The Times reports that the United States, limited by the lack of capacity in Pakistan’s civilian government and wary of corruption, has disbursed less than $200 million of the $1.5 billion per year Kerry-Lugar aid bill, focusing on projects in out-of-the-way places that have still yet to be completed in full (NYT). The AFP reports on Pakistan’s fiscal woes, fed in large part by the fact that only 1.9 million Pakistanis, out of a population of nearly 180 million, paid taxes last year (AFP). And Pam Constable notes the growth in Islamic banking in Pakistan (Post).
Gimme fuel, gimme fire
Unidentified attackers near Attock, about 40 miles from Islamabad, killed four Pakistani police in an attack on a police post before attacking a NATO fuel convoy, destroying up to 14 vehicles (Geo, ET, Daily Times, AFP).

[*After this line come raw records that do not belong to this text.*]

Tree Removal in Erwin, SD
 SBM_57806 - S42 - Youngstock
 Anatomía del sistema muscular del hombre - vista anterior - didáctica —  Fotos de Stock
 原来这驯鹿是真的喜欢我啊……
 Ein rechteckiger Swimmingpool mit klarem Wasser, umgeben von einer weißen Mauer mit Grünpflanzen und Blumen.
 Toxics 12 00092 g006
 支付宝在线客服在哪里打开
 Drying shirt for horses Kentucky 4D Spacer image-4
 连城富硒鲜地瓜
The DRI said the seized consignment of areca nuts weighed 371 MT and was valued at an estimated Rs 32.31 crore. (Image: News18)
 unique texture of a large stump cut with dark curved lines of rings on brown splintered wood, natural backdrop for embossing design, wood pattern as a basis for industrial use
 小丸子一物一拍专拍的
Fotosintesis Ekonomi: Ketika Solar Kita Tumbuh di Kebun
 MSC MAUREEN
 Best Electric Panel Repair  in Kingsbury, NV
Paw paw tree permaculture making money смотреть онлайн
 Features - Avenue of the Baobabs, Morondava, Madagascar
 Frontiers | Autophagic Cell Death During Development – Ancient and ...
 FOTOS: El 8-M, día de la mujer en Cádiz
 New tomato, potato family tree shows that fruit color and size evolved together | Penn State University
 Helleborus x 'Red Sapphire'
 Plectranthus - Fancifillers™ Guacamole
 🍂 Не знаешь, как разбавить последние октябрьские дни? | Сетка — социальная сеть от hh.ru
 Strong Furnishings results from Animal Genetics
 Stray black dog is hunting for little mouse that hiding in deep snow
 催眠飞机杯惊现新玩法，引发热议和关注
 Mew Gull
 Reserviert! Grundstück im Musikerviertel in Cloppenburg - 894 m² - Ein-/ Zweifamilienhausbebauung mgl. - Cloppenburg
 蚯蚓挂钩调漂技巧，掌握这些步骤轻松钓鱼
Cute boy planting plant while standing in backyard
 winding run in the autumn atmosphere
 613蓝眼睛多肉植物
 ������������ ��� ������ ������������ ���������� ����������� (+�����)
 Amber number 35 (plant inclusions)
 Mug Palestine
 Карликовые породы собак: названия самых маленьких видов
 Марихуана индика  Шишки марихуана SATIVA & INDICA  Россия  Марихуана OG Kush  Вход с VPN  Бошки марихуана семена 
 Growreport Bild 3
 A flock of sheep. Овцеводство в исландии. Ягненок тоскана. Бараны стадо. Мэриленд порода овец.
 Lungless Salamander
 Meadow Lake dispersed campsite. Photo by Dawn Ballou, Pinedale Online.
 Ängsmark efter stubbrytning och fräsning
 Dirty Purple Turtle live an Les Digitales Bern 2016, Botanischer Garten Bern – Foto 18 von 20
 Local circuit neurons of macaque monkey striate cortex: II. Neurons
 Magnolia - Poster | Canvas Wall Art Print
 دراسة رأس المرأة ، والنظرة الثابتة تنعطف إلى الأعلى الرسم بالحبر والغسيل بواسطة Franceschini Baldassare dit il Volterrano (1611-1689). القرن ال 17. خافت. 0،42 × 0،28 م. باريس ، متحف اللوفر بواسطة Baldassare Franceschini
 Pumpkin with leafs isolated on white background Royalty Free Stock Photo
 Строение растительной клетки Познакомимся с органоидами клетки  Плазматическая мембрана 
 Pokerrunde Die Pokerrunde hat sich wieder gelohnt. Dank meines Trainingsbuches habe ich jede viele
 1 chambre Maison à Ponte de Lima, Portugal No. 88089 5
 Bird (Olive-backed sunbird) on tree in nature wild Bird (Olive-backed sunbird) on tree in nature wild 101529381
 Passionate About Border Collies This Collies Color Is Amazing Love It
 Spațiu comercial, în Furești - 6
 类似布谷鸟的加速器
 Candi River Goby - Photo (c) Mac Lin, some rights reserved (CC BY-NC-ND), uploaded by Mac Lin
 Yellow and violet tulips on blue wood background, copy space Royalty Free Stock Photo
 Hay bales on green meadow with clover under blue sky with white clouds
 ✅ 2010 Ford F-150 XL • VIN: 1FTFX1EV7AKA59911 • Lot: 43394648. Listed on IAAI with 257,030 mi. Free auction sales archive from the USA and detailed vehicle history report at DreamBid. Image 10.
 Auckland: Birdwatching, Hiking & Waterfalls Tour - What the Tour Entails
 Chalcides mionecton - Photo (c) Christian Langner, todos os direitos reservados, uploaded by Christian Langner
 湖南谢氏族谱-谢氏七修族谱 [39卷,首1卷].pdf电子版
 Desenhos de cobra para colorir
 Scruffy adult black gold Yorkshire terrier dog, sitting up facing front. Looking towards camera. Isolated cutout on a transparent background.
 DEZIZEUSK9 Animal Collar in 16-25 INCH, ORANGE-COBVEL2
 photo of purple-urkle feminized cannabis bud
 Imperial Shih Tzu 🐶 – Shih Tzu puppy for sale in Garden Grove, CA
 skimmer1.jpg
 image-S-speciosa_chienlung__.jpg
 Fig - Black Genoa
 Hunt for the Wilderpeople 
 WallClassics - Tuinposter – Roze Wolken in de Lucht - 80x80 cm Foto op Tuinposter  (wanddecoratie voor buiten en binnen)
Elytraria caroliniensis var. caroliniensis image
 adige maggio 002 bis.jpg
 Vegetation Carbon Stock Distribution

Two people have been killed by a landmine in Kurram agency, as the Express Tribune reports that the insurgent Haqqani Network has warned Tehrik-i-Taliban Pakistan leader Hakimullah Mehsud not to disrupt a fragile truce in Kurram brokered in part with Haqqani help (ET, ET). Up to 13 cars were burned in Karachi this weekend as supporters of the Muttahida Qaudi Movement (MQM) mourned a senior member of the party, Liaquat Qureshi, who was assassinated Friday (Dawn, Daily Times). And Pakistani police broke up a crowd that was marching to attack a church in the eastern city of Gujranwala on Saturday, after two Qurans were burnt in the city (AP).
Pakistani musical prodigy Usman Riaz is the subject of a new short film showcasing his talent and particular style of guitar playing, playing it as a part-string, part-percussion instrument (Newsline). Riaz, 20, deferred his admission to Boston’s Berklee School of Music to explore Pakistan’s music and culture scene.